Exercise description:
Copy every entry verbatim and skip the pictures.

Entries shown:
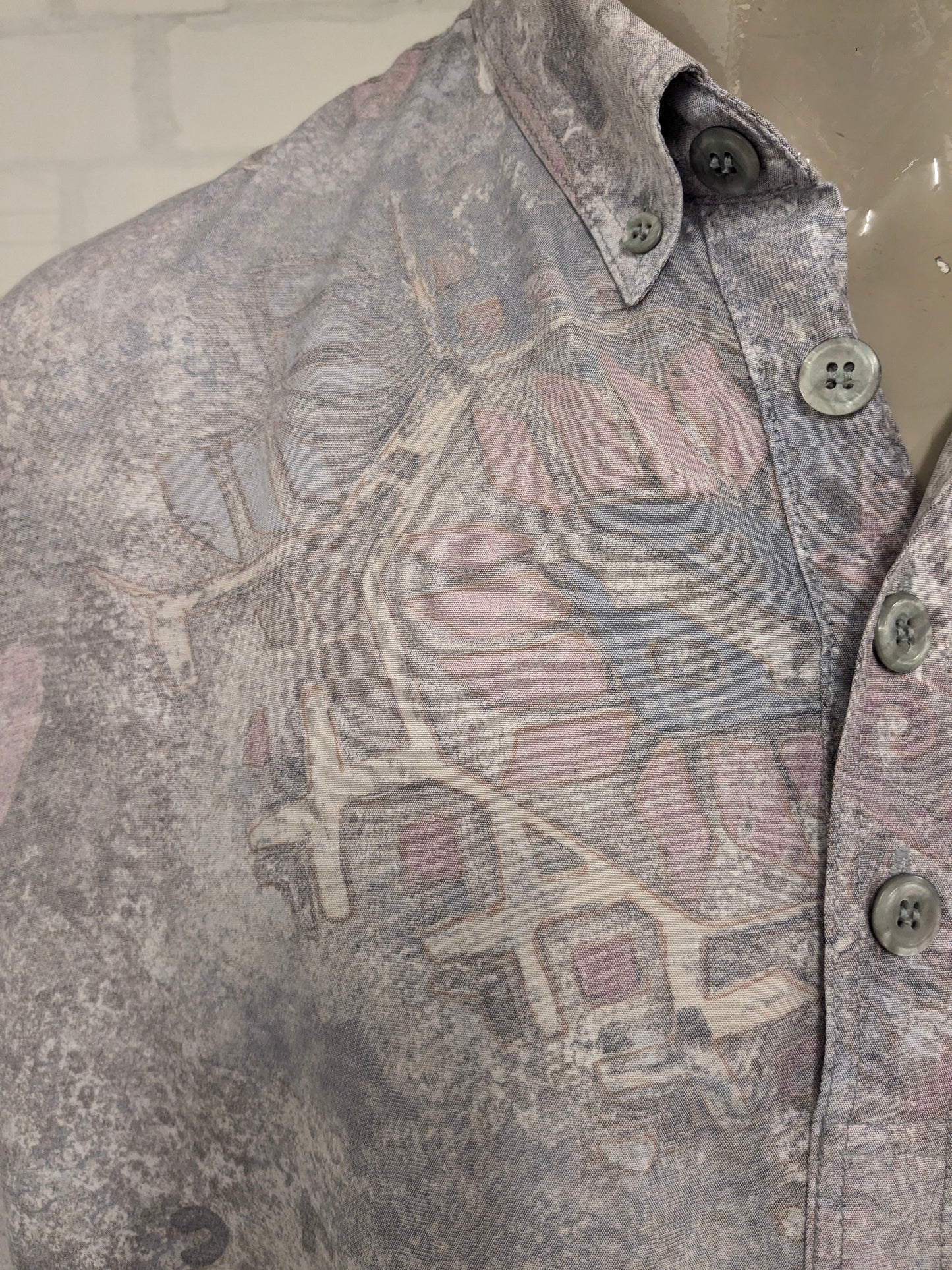 Vintage 80-90's overhemd polo met elastische band. Paarse Bruine print. Maat 2XL - 3XL.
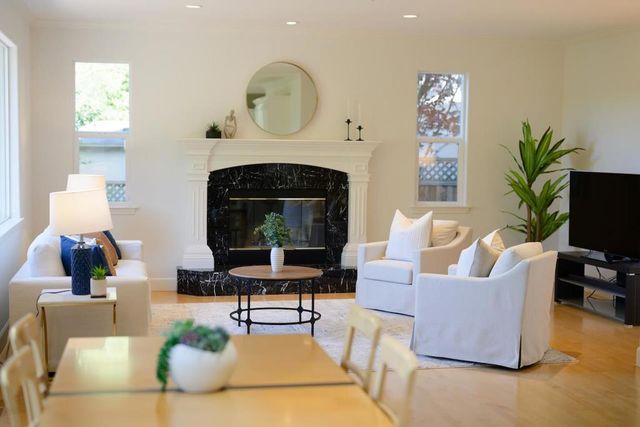 26 Torrey Oaks Court, Scotts Valley, CA 95066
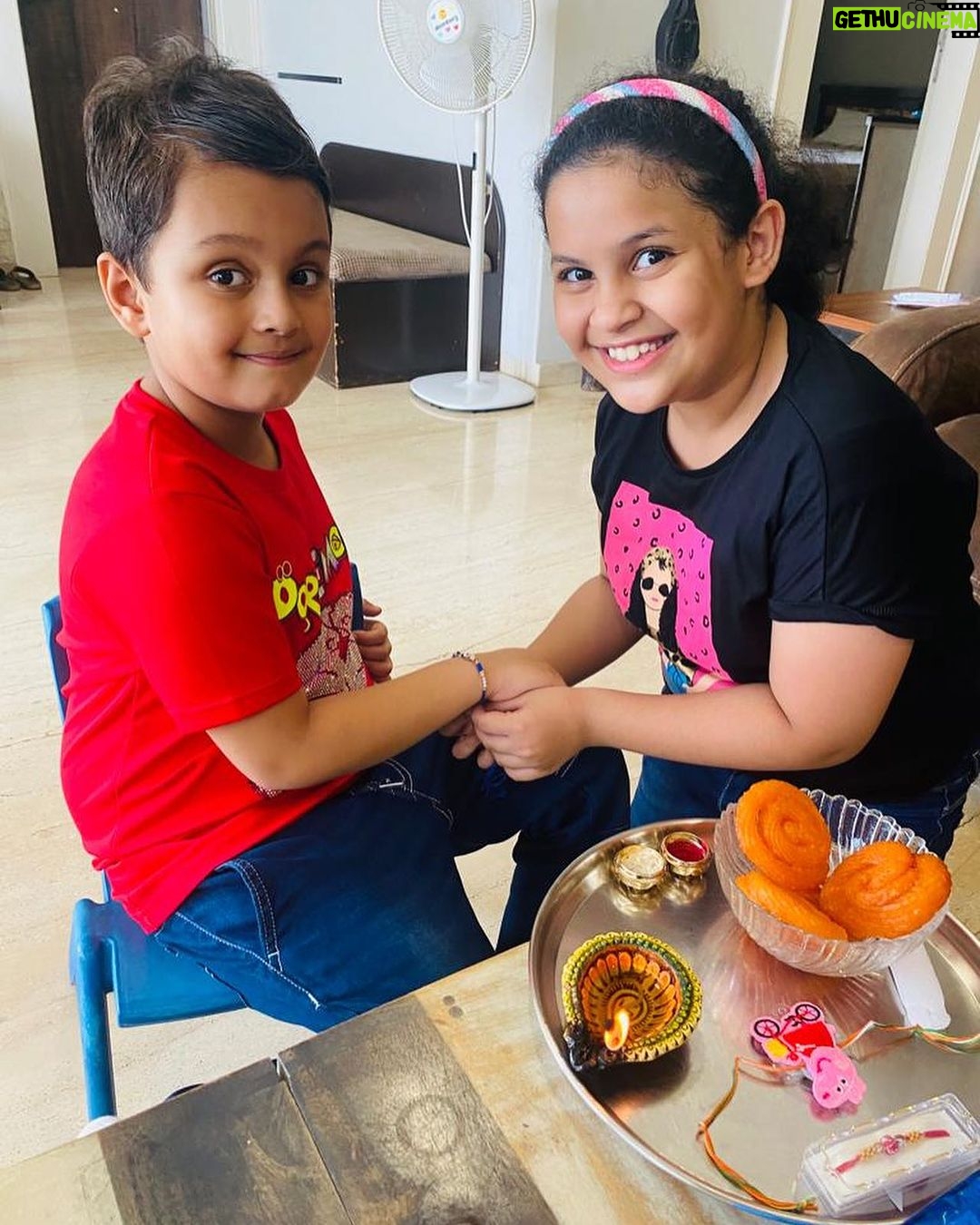 Nisha Rawal Instagram - ♥️ Kuch aisa beeta mera #RakshaBandhan Mumbai - मुंबई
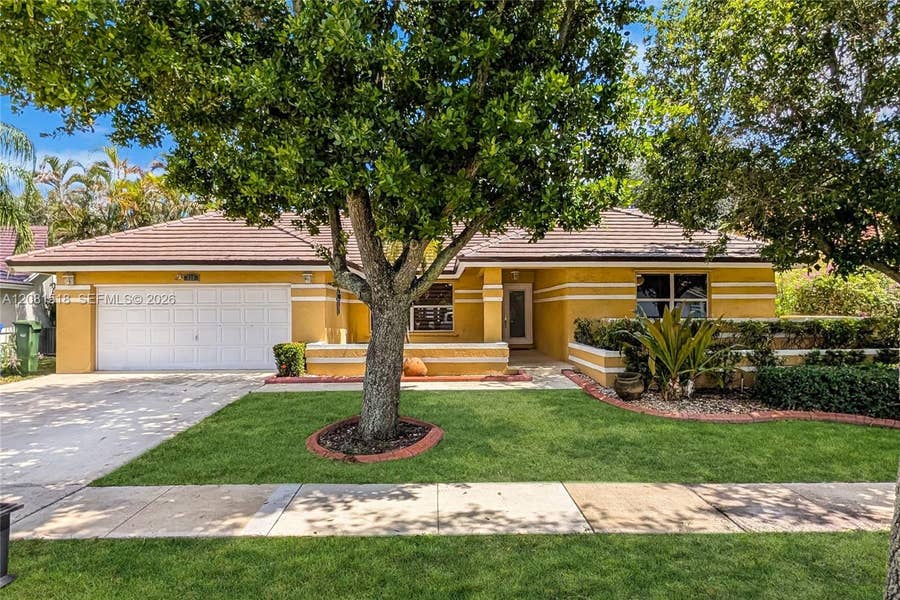 Property photo for 729 NW 161st Avenue, Pembroke Pines, FL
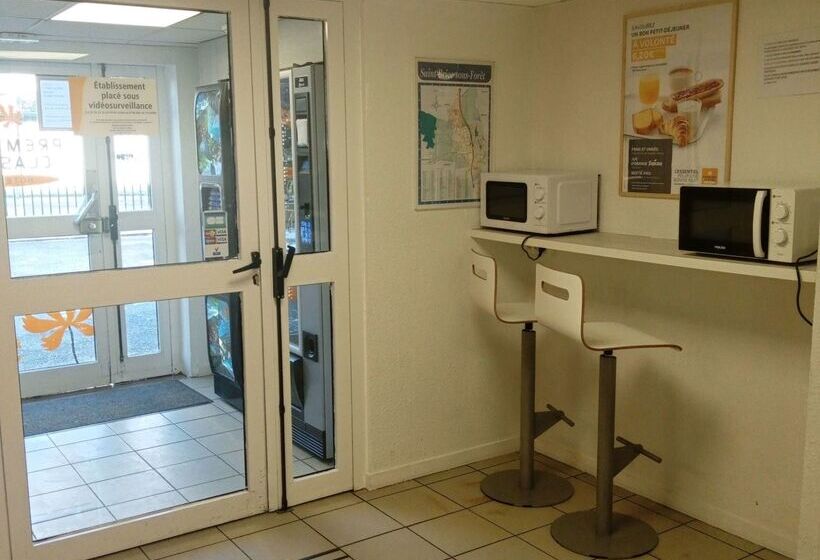 Отель Premiere Classe Saint Brice Sous Foret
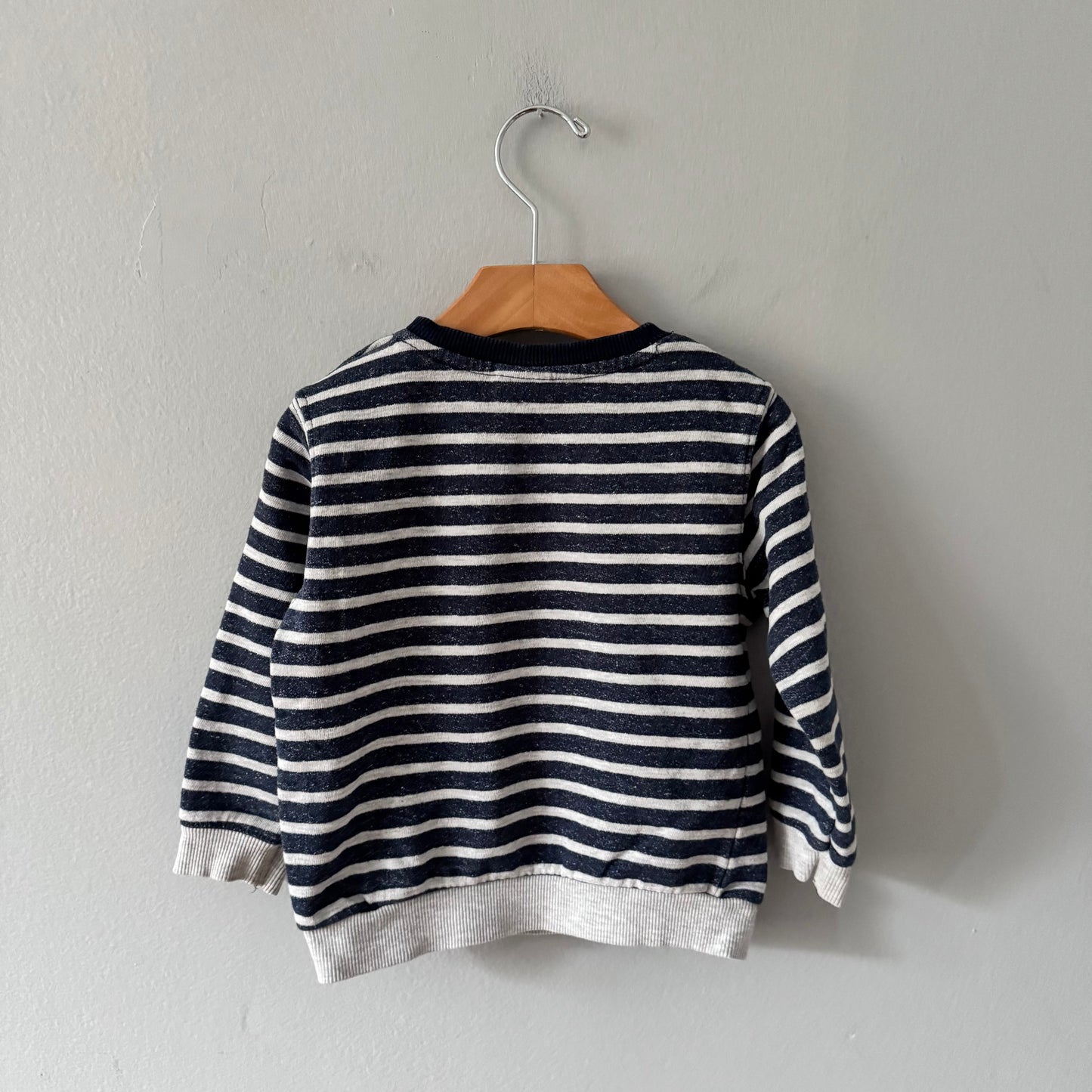 Zara / Navy white stripe sweatshirt / 2-3Y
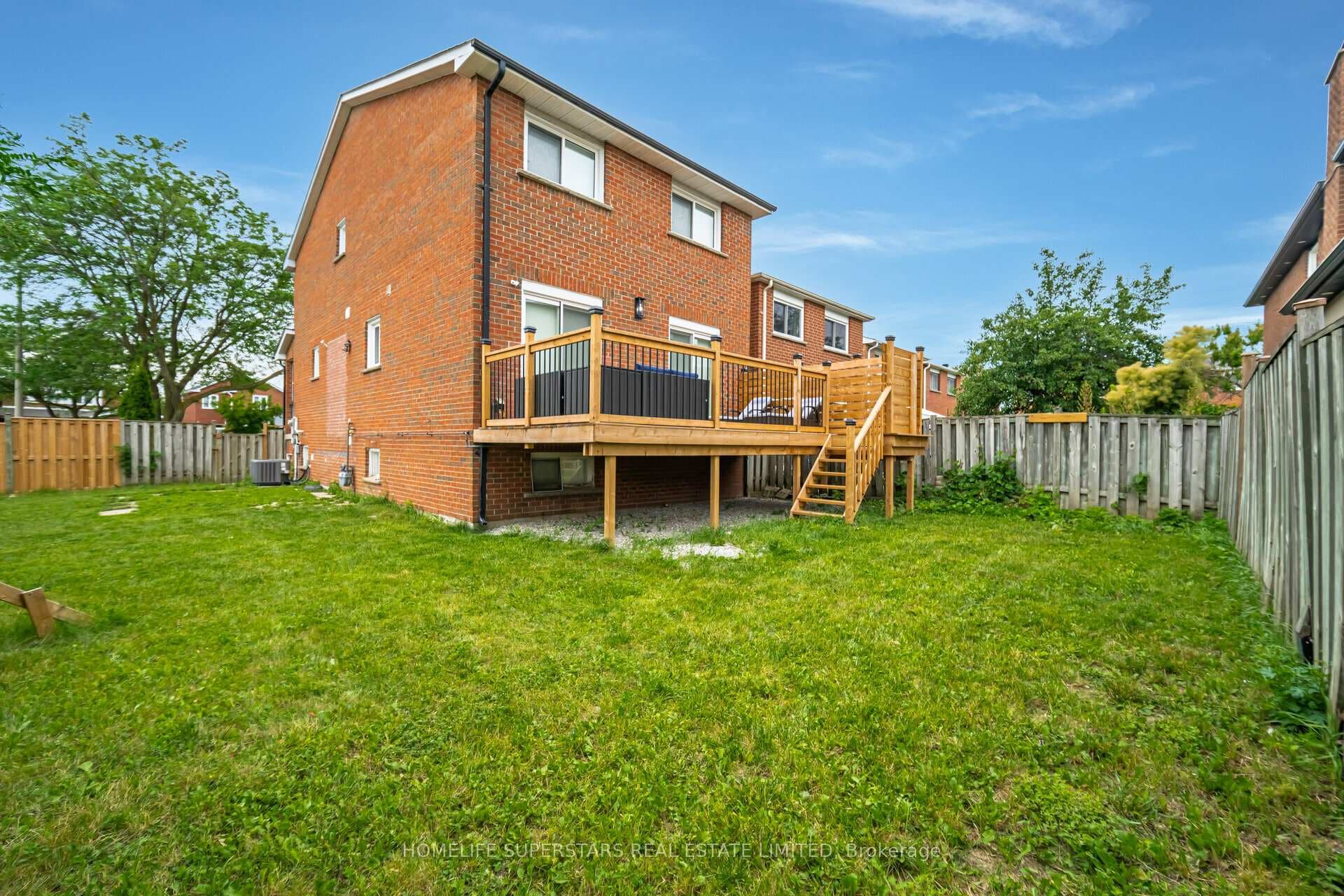 3 New Seabury Drive, Vaughan, ON L4K 2B7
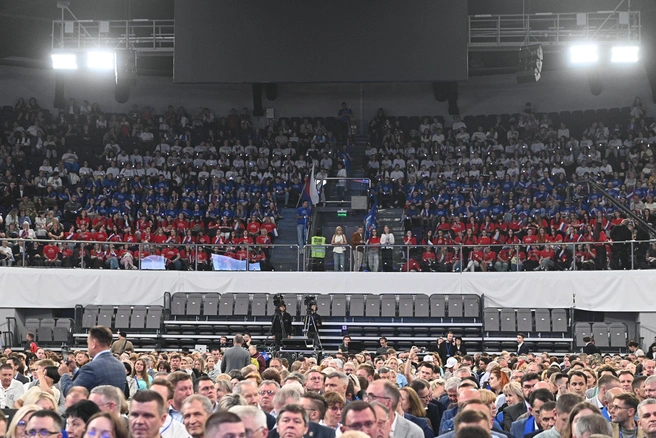 Триколор на трибунах, флаги в руках  | Источник: Максим Воробьев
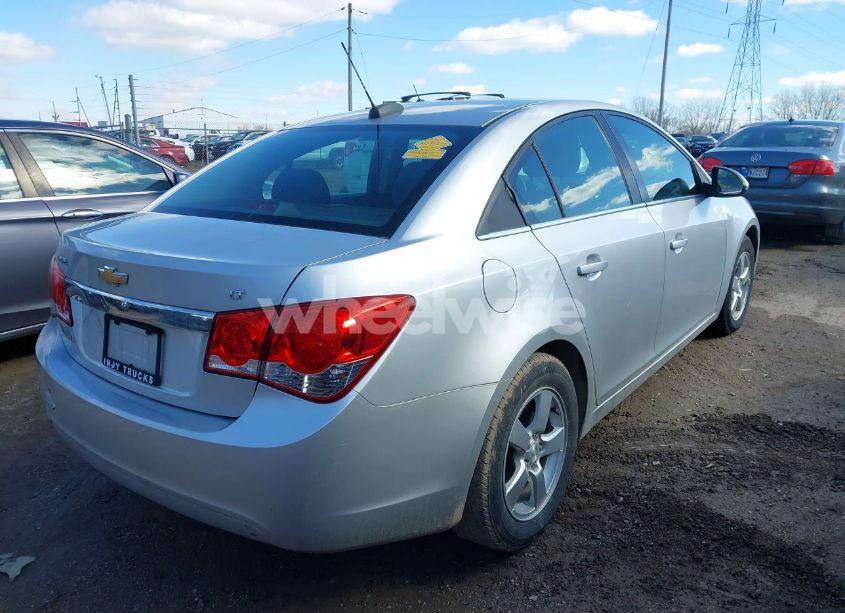 Photo 4 of 2015 Chevrolet Cruze 1LT AUTO (VIN 1G1PC5SB3F7274674)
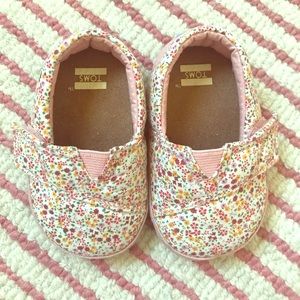 Toms Floral Baby Shoes
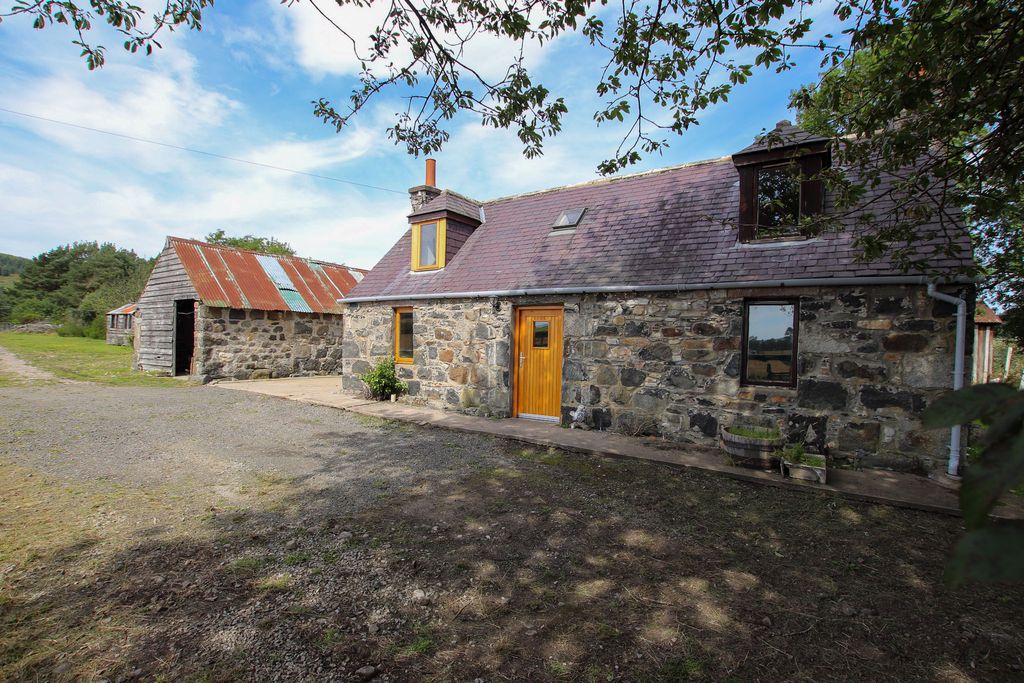 Property photo 1 of 22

Solution to the problem:
 Vintage 80-90's overhemd polo met elastische band. Paarse Bruine print. Maat 2XL - 3XL.
 26 Torrey Oaks Court, Scotts Valley, CA 95066
 Nisha Rawal Instagram - ♥️ Kuch aisa beeta mera #RakshaBandhan Mumbai - मुंबई
 Property photo for 729 NW 161st Avenue, Pembroke Pines, FL
 Отель Premiere Classe Saint Brice Sous Foret
 Zara / Navy white stripe sweatshirt / 2-3Y
 3 New Seabury Drive, Vaughan, ON L4K 2B7
 Триколор на трибунах, флаги в руках  | Источник: Максим Воробьев
 Photo 4 of 2015 Chevrolet Cruze 1LT AUTO (VIN 1G1PC5SB3F7274674)
 Toms Floral Baby Shoes
 Property photo 1 of 22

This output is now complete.